Below are records with pictures; copy word for word only the lines between the line with "Woese’s Classificaton •" and the line with "viruses to be targeted.", inclusive, and drop the pictures.

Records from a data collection
------------------------------------------------------------

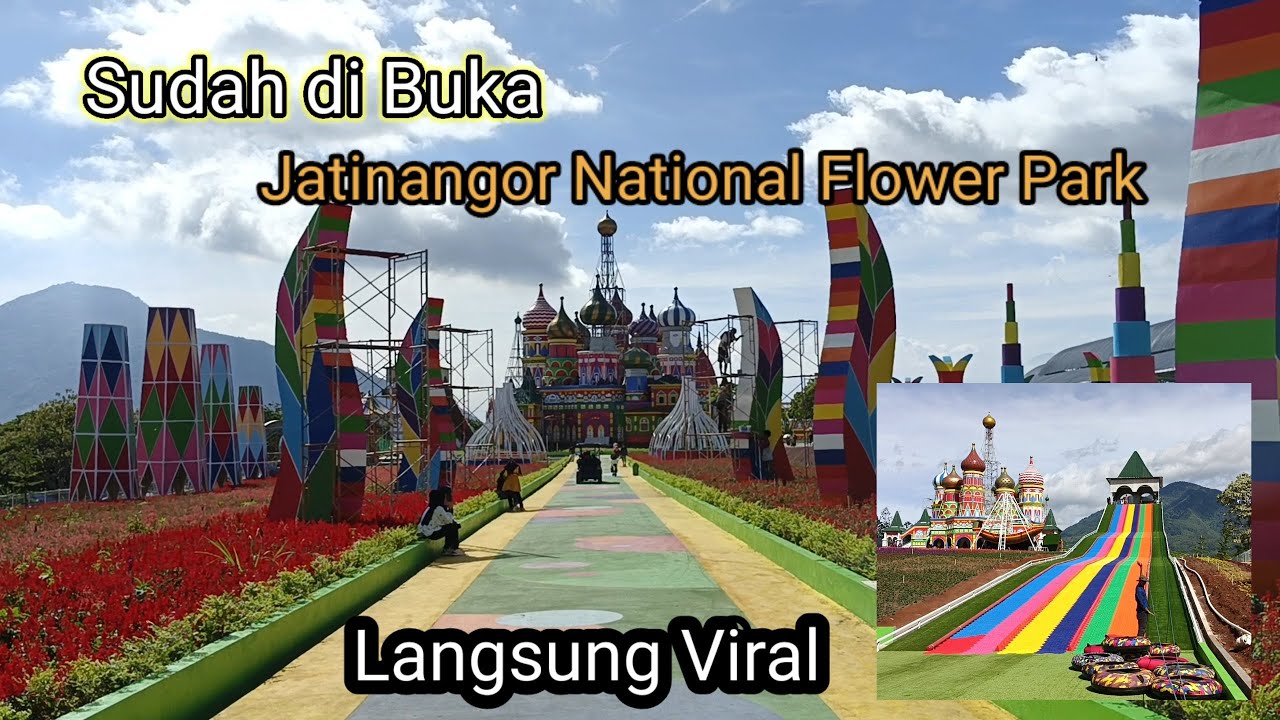 Wisata Sumedang Terbaru 2022 Baru Buka Lngsung Viral Jatinangor National Flower Park
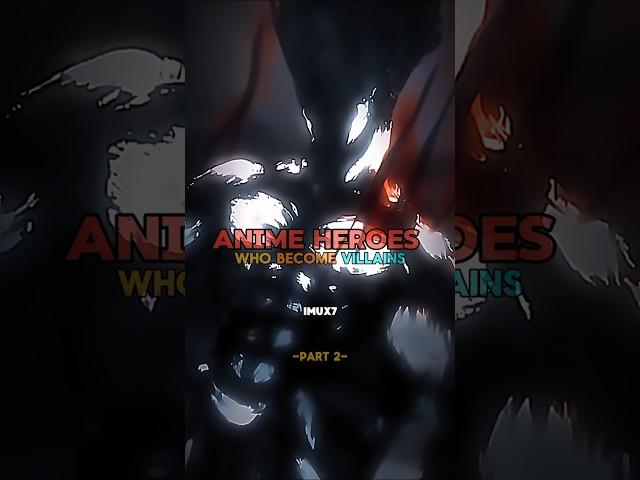 Heroes that became villains#anime #animeedit #shortsfeed #viralshorts #shorts #short #trend #edit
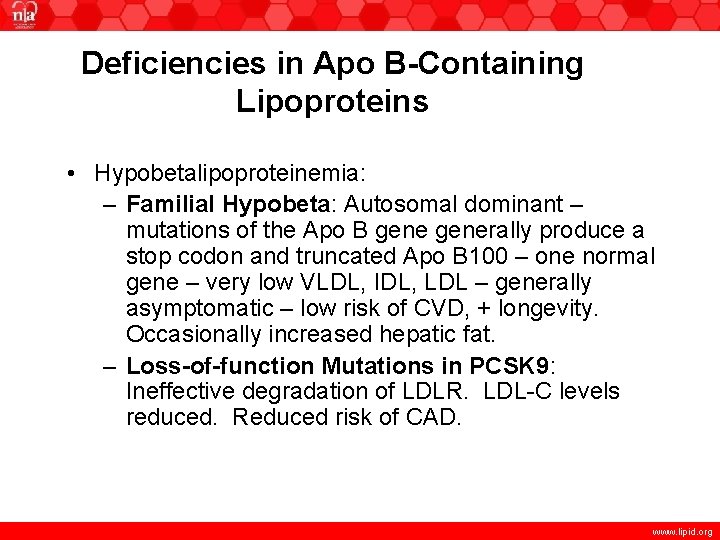 Deficiencies in Apo B-Containing Lipoproteins • Hypobetalipoproteinemia: – Familial Hypobeta: Autosomal dominant – mutations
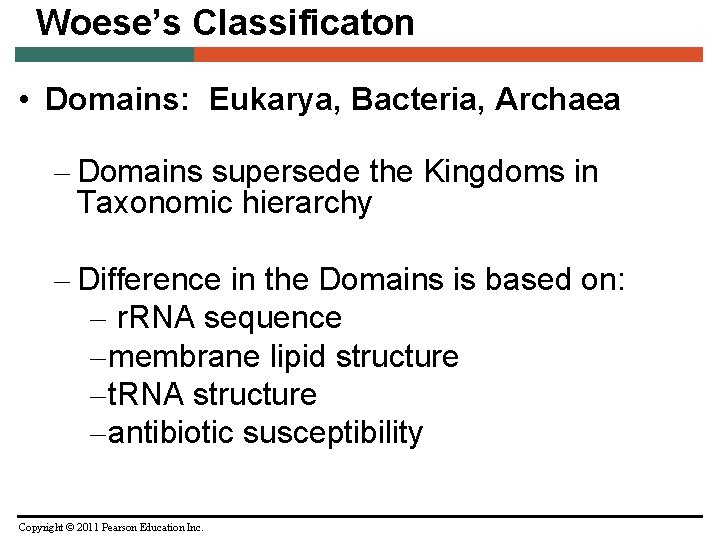 Woese’s Classificaton • Domains: Eukarya, Bacteria, Archaea – Domains supersede the Kingdoms in Taxonomic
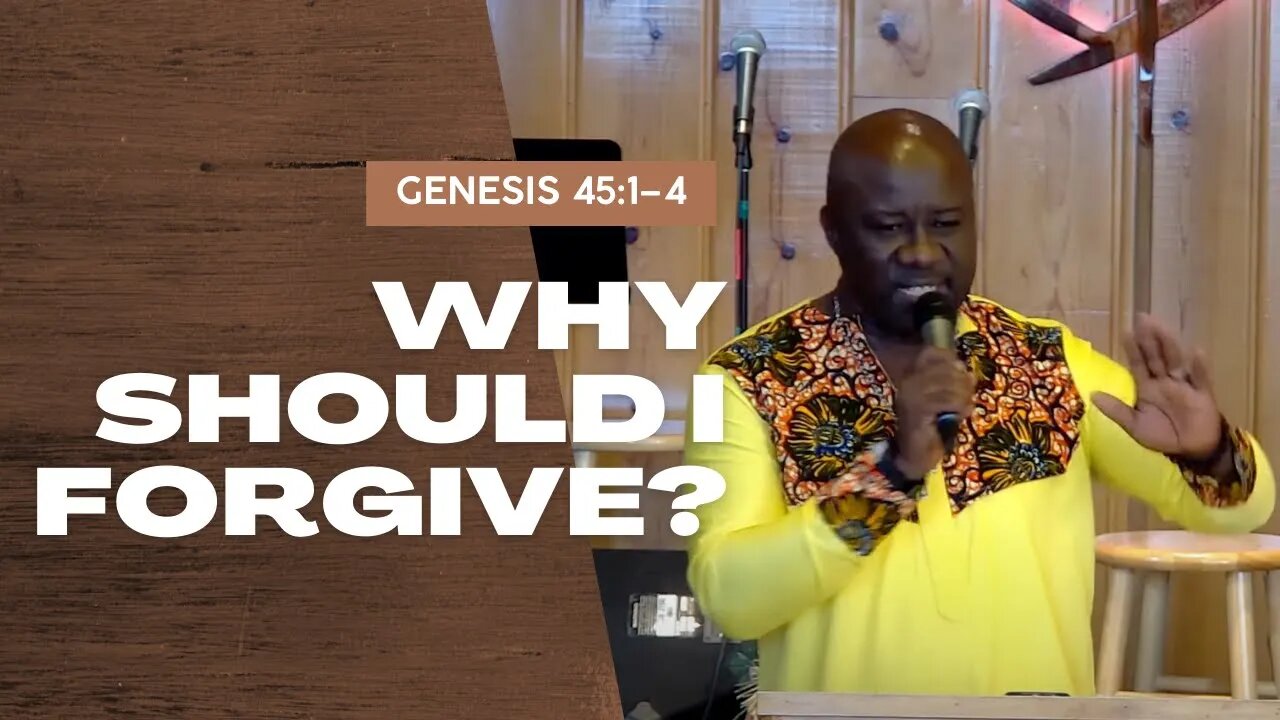 Why Should I Forgive? — Genesis 45:1–4 (Traditional Worship)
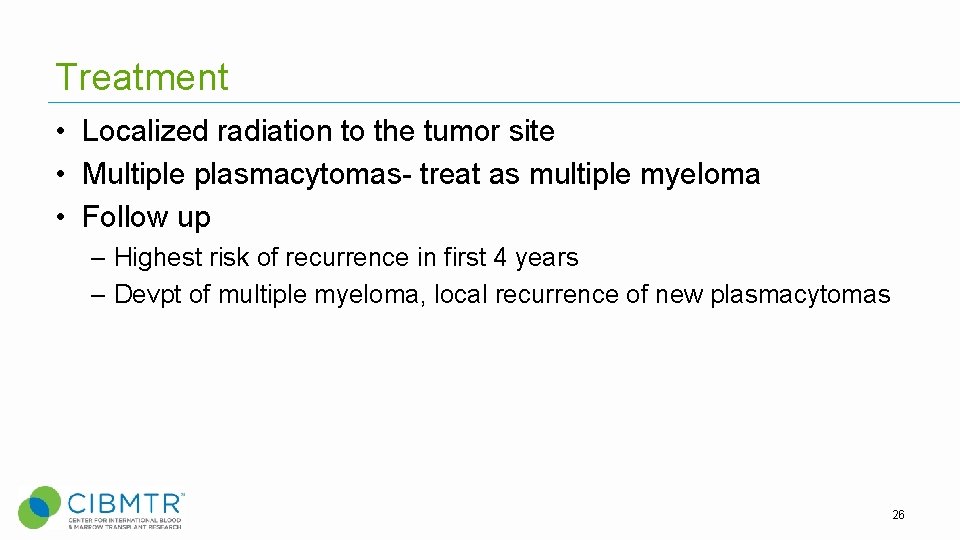 Treatment • Localized radiation to the tumor site • Multiple plasmacytomas- treat as multiple Treatment • Localized radiation to the tumor site • Multiple plasmacytomas- treat as multiple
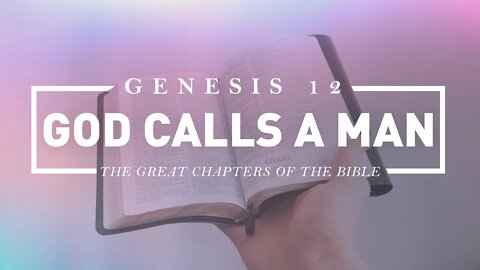 Genesis 12 - God Calls a Man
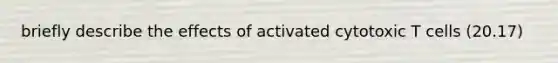 briefly describe the effects of activated cytotoxic T cells (20.17)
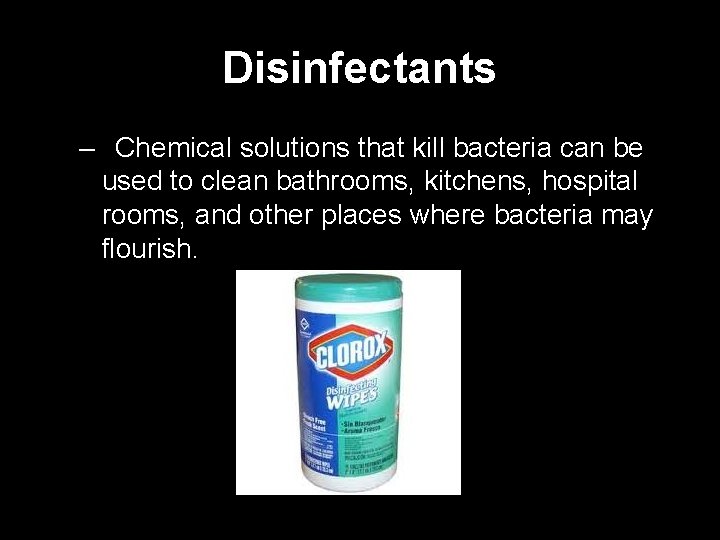 Disinfectants – Chemical solutions that kill bacteria can be used to clean bathrooms, kitchens,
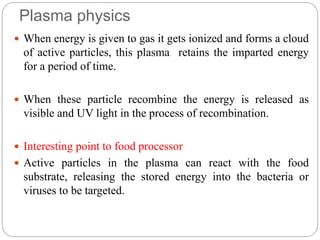 Plasma physics
 When energy is given to gas it gets ionized and forms a cloud
of active particles, this plasma retains the imparted energy
for a period of time.
 When these particle recombine the energy is released as
visible and UV light in the process of recombination.
 Interesting point to food processor
 Active particles in the plasma can react with the food
substrate, releasing the stored energy into the bacteria or
viruses to be targeted.
 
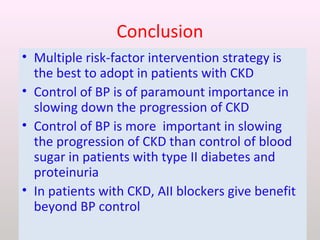 Conclusion
• Multiple risk-factor intervention strategy is
the best to adopt in patients with CKD
• Control of BP is of paramount importance in
slowing down the progression of CKD
• Control of BP is more important in slowing
the progression of CKD than control of blood
sugar in patients with type II diabetes and
proteinuria
• In patients with CKD, AII blockers give benefit
beyond BP control
 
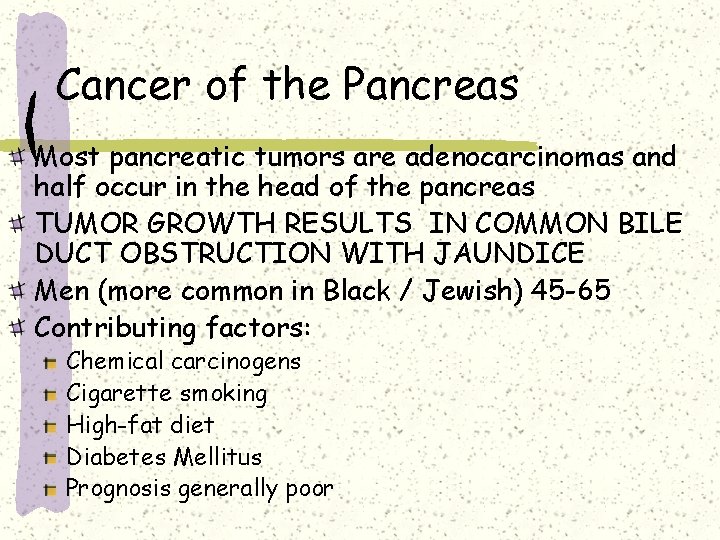 Cancer of the Pancreas Most pancreatic tumors are adenocarcinomas and half occur in the Cancer of the Pancreas Most pancreatic tumors are adenocarcinomas and half occur in the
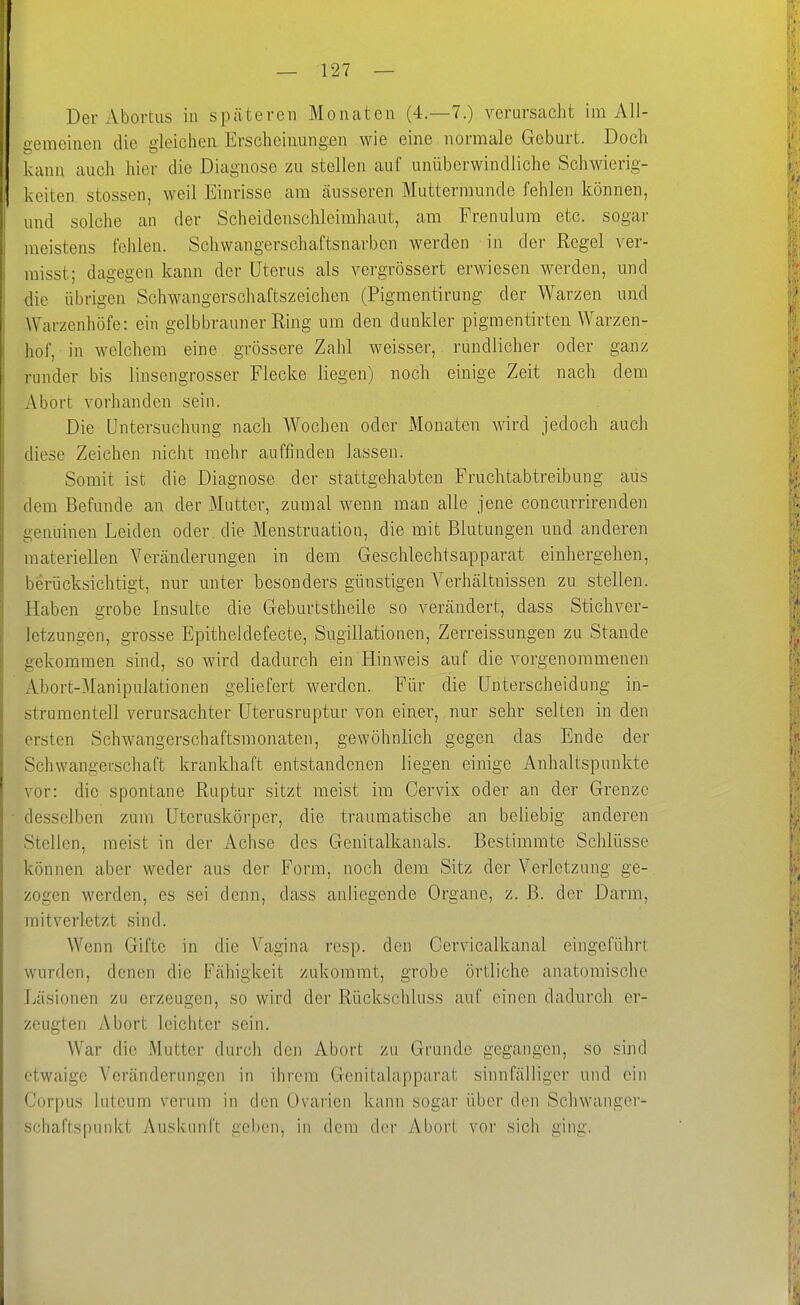 Der Abortus in späteren Monaten (4.-7.) verursacht im All- uemeiuen die gleichen Erscheinungen wie eine normale Geburt. Doch kann auch hier die Diagnose zu stellen auf unüberwindliche Schwierig- keiten Stessen, weil Einrisse am äusseren Muttermunde fehlen können, und solche an der Scheidenschleimliaut, am Frenulura etc. sogar meistens fehlen. Schwangerschaftsnarben werden in der Regel ver- raisst; dagegen kann der Uterus als vergrössert erwiesen werden, und die übrigen Schwangerschaftszeichen (Pigmentirung der Warzen und AVarzenhöfe: ein gelbbrauner Eing um den dunkler pigmentirton Warzen- hof, in welchem eine grössere Zahl weisser, rundlicher oder ganz runder bis linsengrosser Flecke liegen) noch einige Zeit nach dem Abort vorhanden sein. Die Untersuchung nach Wochen oder Monaten wird jedoch auch diese Zeichen nicht mehr auffinden lassen. Somit ist die Diagnose der stattgehabten Fruchtabtreibung aus dem Befunde an der Mutter, zumal wenn man alle jene concurrirenden genuinen Leiden oder, die Menstruation, die mit Blutungen und anderen materiellen Veränderungen in dem Geschlechtsapparat einhergehen, berücksichtigt, nur unter besonders günstigen Verhältnissen zu stellen. Haben grobe Insulte die Geburtstheile so verändert, dass Stichver- letzungen, grosse Epitheldefecte, Sugillationen, Zerreissungen zu Stande gekommen sind, so wird dadurch ein Hinweis auf die vorgenommenen Abort-Manipulationen geliefert werden. Für die Unterscheidung in- strumenteil verursachter Uterusruptur von einer, nur sehr selten in den ersten Schwangerschaftsmonaten, gewöhnlich gegen das Ende der Schwangerschaft krankhaft entstandenen Hegen einige Anhaltspunkte vor: die spontane Ruptur sitzt meist im Cervix oder an der Grenze desselben zum Uteruskörper, die traumatische an beliebig anderen Stellen, raeist in der Achse des Genitalkanals. Bestimmte Schlüsse können aber weder aus der Form, noch dem Sitz der Verletzung ge- zogen werden, es sei denn, dass anliegende Organe, z. B. der Darm, raitverletzt sind. Wenn Gifte in die V^agina resp. den Cervicalkanal eingeführt wurden, denen die Fähigkeit zukommt, grobe örtliche anatomische Läsionen zu erzeugen, so wird der Rückschluss auf einen dadurch er- zeugten Abort leichter sein. War die Mutter durch den Abort zu Grunde gegangen, so sind etwaige Veränderungen in ihrem Genitalapparat sinnfälliger und ein Corpus luteum verum in den Ovarien kann sogar über den Schwanger- schaftspuiikt Auskunft gelten, in dem drr Abort vor sich ging.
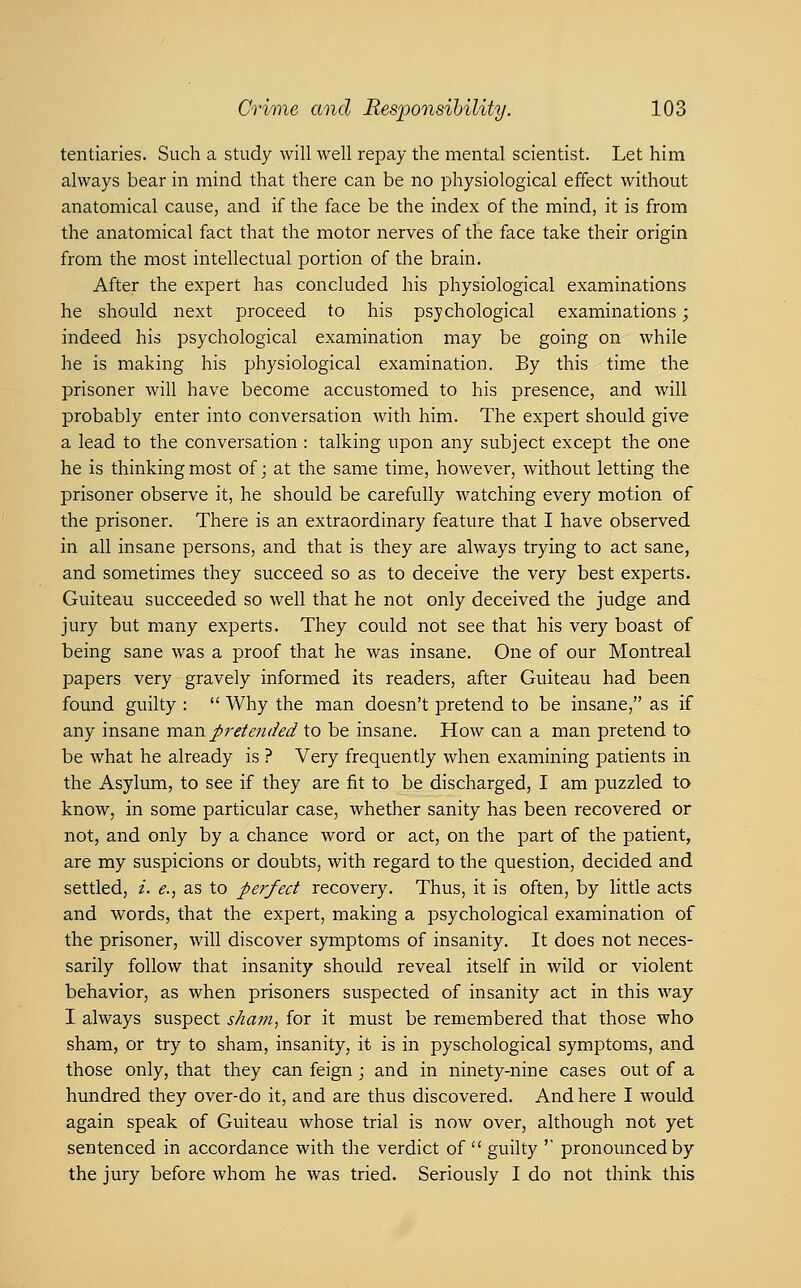 tentiaries. Such a study will well repay the mental scientist. Let him always bear in mind that there can be no physiological effect without anatomical cause, and if the face be the index of the mind, it is from the anatomical fact that the motor nerves of the face take their origin from the most intellectual portion of the brain. After the expert has concluded his physiological examinations he should next proceed to his psychological examinations; indeed his psychological examination may be going on while he is making his physiological examination. By this time the prisoner will have become accustomed to his presence, and will probably enter into conversation with him. The expert should give a lead to the conversation : talking upon any subject except the one he is thinking most of; at the same time, however, without letting the prisoner observe it, he should be carefully watching every motion of the prisoner. There is an extraordinary feature that I have observed in all insane persons, and that is they are always trying to act sane, and sometimes they succeed so as to deceive the very best experts. Guiteau succeeded so well that he not only deceived the judge and jury but many experts. They could not see that his very boast of being sane was a proof that he was insane. One of our Montreal papers very gravely informed its readers, after Guiteau had been found guilty :  Why the man doesn't pretend to be insane, as if any insane tvl2M pretended to be insane. How can a man pretend to be what he already is ? Very frequently when examining patients in the Asylum, to see if they are fit to be discharged, I am puzzled to know, in some particular case, whether sanity has been recovered or not, and only by a chance word or act, on the part of the patient, are my suspicions or doubts, with regard to the question, decided and settled, i. e.., as to perfect recovery. Thus, it is often, by little acts and words, that the expert, making a psychological examination of the prisoner, will discover symptoms of insanity. It does not neces- sarily follow that insanity should reveal itself in wild or violent behavior, as when prisoners suspected of insanity act in this way I always suspect sham., for it must be remembered that those who sham, or try to sham, insanity, it is in pyschological symptoms, and those only, that they can feign ; and in ninety-nine cases out of a hundred they over-do it, and are thus discovered. And here I would again speak of Guiteau whose trial is now over, although not yet sentenced in accordance with the verdict of  guilty '' pronounced by the jury before whom he was tried. Seriously I do not think this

------------------------------------------------------------

**EXERCISE RESULT:**
 Woese’s Classificaton • Domains: Eukarya, Bacteria, Archaea – Domains supersede the Kingdoms in Taxonomic
 Why Should I Forgive? — Genesis 45:1–4 (Traditional Worship)
 Treatment • Localized radiation to the tumor site • Multiple plasmacytomas- treat as multiple Treatment • Localized radiation to the tumor site • Multiple plasmacytomas- treat as multiple
 Genesis 12 - God Calls a Man
 briefly describe the effects of activated cytotoxic T cells (20.17)
 Disinfectants – Chemical solutions that kill bacteria can be used to clean bathrooms, kitchens,
 Plasma physics
 When energy is given to gas it gets ionized and forms a cloud
of active particles, this plasma retains the imparted energy
for a period of time.
 When these particle recombine the energy is released as
visible and UV light in the process of recombination.
 Interesting point to food processor
 Active particles in the plasma can react with the food
substrate, releasing the stored energy into the bacteria or
viruses to be targeted.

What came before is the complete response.